Technical Program

Paper Detail

Presentation #16
Session:ASR IV
Location:Kallirhoe Hall
Session Time:Friday, December 21, 13:30 - 15:30
Presentation Time:Friday, December 21, 13:30 - 15:30
Presentation: Poster
Topic: Speech recognition and synthesis:
Paper Title: AN EXPLORATION OF MIMIC ARCHITECTURES FOR RESIDUAL NETWORK BASED SPECTRAL MAPPING
Authors: Peter Plantinga, Deblin Bagchi, Eric Fosler-Lussier, The Ohio State University, United States
Abstract: Spectral mapping uses a deep neural network (DNN) to map directly from noisy speech to clean speech. Our previous study found that the performance of spectral mapping improves greatly when using helpful cues from an acoustic model trained on clean speech.
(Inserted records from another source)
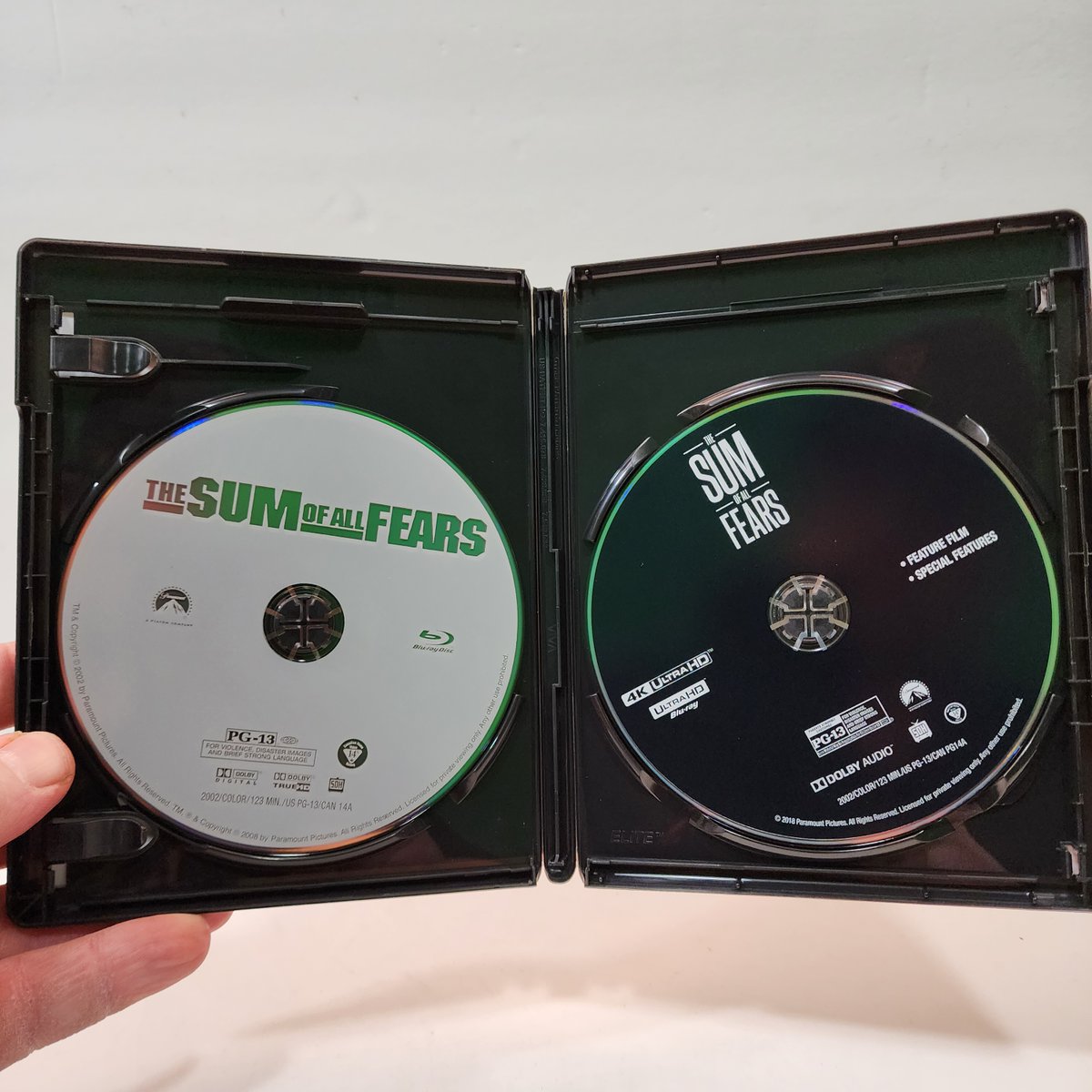 The Sum Of All Fears on 4K UHD / Blu Ray / Digital
Buy Here! smpl.is/qphs #comissionsearned
Out Now from Paramount Pictures
#thesumofallfears #4kuhd #bluray #mailday #movie #paramountpictures #reviewer #collector #collection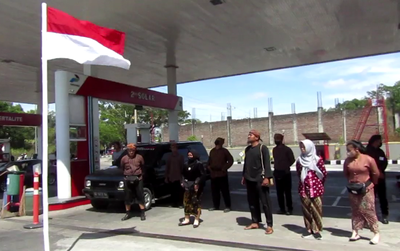 Unik! Upacara HUT RI di SPBU, Warga Rela Antre ISI BBM Demi Hormat ke Bendera Merah Putih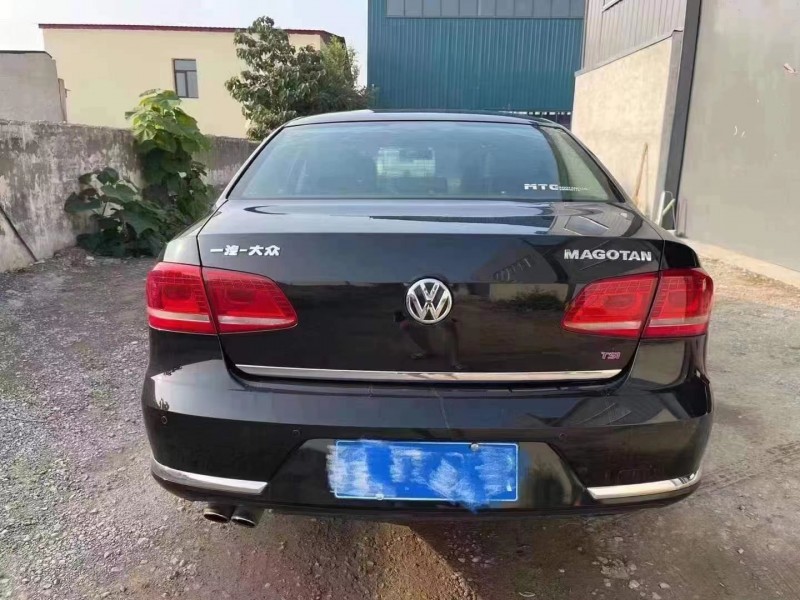 保定14年大众迈腾4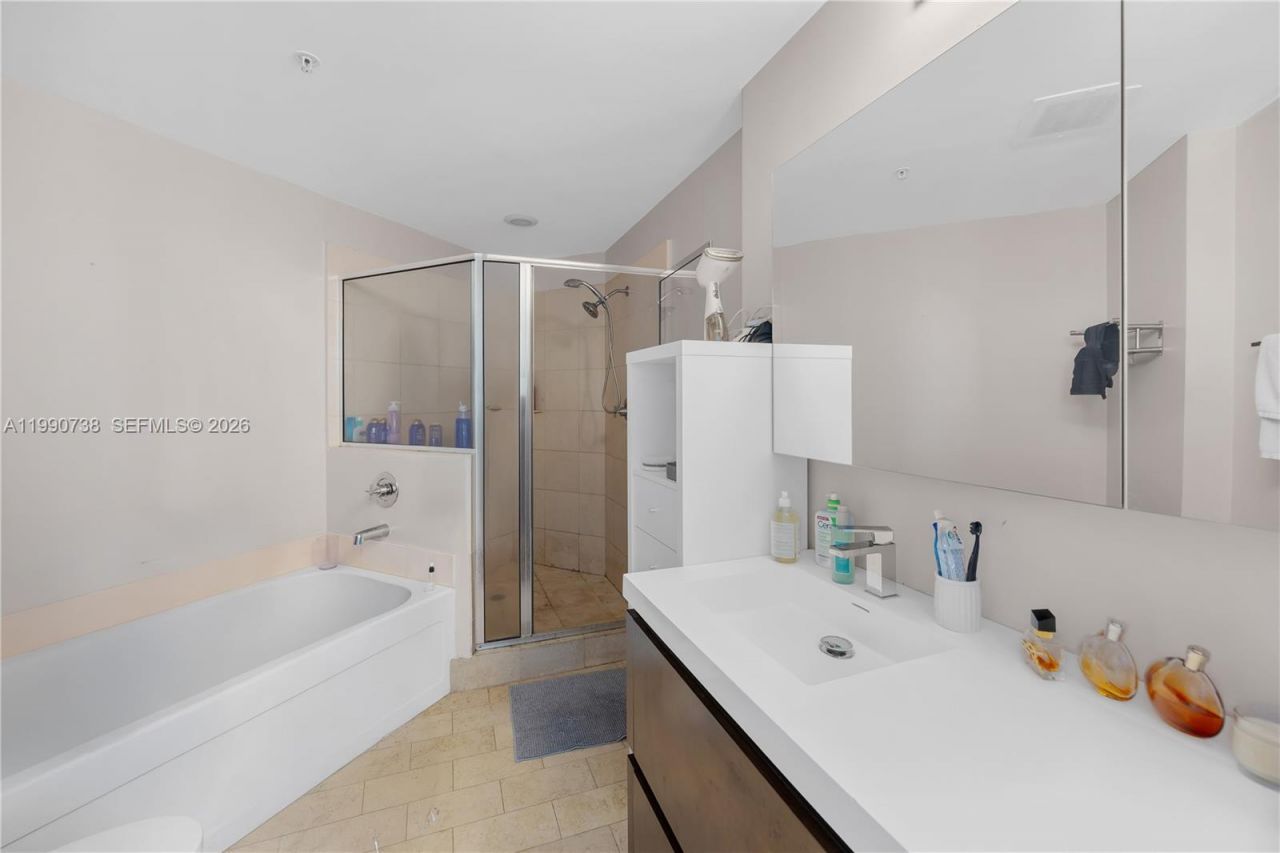 79 SW 12th St, Unit 2401-S, Miami, FL 33130 Photo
The mapper network learns to mimic the input favored by the spectral classifier and cleans the features accordingly. In this study, we explore two new innovations: we replace a DNN-based spectral mapper with a residual network that is more attuned to the goal of predicting clean speech. We also examine how integrating long term context in the mimic criterion (via wide-residual biLSTM networks) affects the performance of spectral mapping compared to DNNs. Our goal is to derive a model that can be used as a preprocessor for any recognition system; the features derived from our model are passed through the standard Kaldi ASR pipeline and achieve a WER of 9.3%, which is the lowest recorded word error rate for CHiME-2 dataset using only feature adaptation.